Progressive is one of the largest providers of car insurance in the United States. The company uses data in all areas of the company, from quotes and claims, to analyzing driver behavior.
In video 1, Brian Durkin, Innovation Strategist, shares how Progressive chose Tableau over traditional tools, because it allows for rapid testing on large quantities of data stored in Excel, Microsoft SQL Server, Oracle, and Hortonworks Hadoop. With Tableau’s native data connectors, the data science team can bring all of this data into one view.
In video 2, Brian talks about Progressive’s Snapshot® program, which allows drivers to save money through safe driving behavior. The data science team uses Tableau to analyze Snapshot data along with external sources—helping Progressive understand how different conditions affect driving patterns.
Exploring big data in Hadoop
Tableau: How would you describe Progressive?
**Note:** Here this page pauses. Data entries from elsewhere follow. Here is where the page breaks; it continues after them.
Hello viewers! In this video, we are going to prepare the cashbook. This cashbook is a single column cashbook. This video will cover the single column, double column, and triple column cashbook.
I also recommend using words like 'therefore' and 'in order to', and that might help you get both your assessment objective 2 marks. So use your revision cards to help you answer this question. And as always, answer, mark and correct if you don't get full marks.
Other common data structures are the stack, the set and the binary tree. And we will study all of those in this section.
Brian Durkin, Innovation Strategist: We're a data-driven company. So all of our leaders, our senior leaders, and all our analysts, and everybody in the company, really, they want to use data to inform their decisions. And so we've been, traditionally, a very hands-on type of company where people are using the Desktop version.
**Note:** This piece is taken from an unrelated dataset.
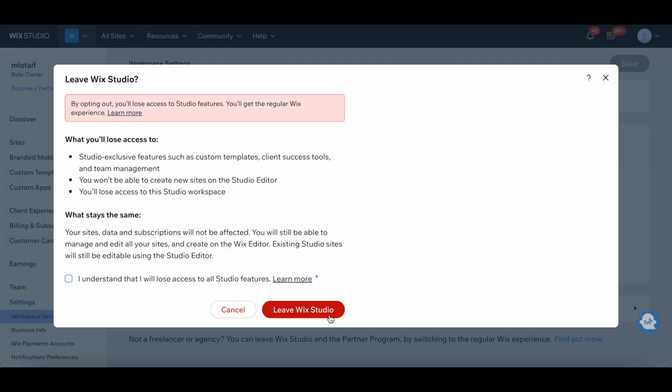If you want to learn more about the differences between Wix Studio and the Wix Editor, make sure to click on the video on the screen right now.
Tableau: Who views Tableau dashboards at Progressive?
Brian: Tableau is used pretty much across the board within Progressive. Our customers are everybody from our individual internal analysts up through our senior leaders that use the reports, and they use Tableau itself in order to analyze the data. So it's pretty widespread across the company.
Tableau: How exactly do you work with data? And what types of sources of data do you have?
Brian: Our marketing department will bring in data, we'll compare that against data from our policy servicing department. We'll also look at claims, we'll look at quotes, we'll look at all these different areas to mash up data. We use Tableau to do a lot of that.
The technology used to store these things is also pretty diverse. So there's a lot of Excel, there's a lot of SQL Server, there's Oracle, a lot of DB2, and then all the new big data stuff. We store a lot of data in [Hortonworks] Hadoop. And Tableau, with all the connectors that it has, allows us to bring this data together and look at it in new different ways.
Tableau: What’s something Tableau makes possible or easier?
Brian: Sometimes when you're using Hadoop to do data exploration, your datasets can be so extremely large that you need new tools in order to really analyze that data effectively. So we use Tableau and do subset sampling to do data exploration. A lot of times, we'll use it to analyze the aggregate data. But it provides us a way to rapidly test data and look for new things.
With some of our traditional tools, it takes a little bit of work to set up your data analyses and figure out really what you're looking for there. Tableau allows us to rapidly iterate over that and do this rapid hypothesis testing to look for new things. And that's important when you're dealing with these really large datasets. You need to be able to change your views and the way you're analyzing it pretty quickly. Tableau allows us to do that.
Tableau: What’s the main value of using Tableau?
Brian: I think it's somewhat hard to quantify the savings or the value that Tableau brings. A lot of times there's things we couldn't even do previously, using our legacy tool set. Tableau allows us to do these things now. And so comparing what you couldn't do at all to what is possible now, it's huge. It's night and day.
Tableau: How has Tableau changed the way you analyze data?
Brian: Being able to have the technology to analyze data, to fiddle with the data, to experiment with it, to play with it and just look at it in different ways has been amazing. A lot of our traditional tools don't allow us to do this rapid experimentation and exploration. Tableau's a great tool that allows you to do that, just to see what you have and analyze it, and figure out what you can do with it.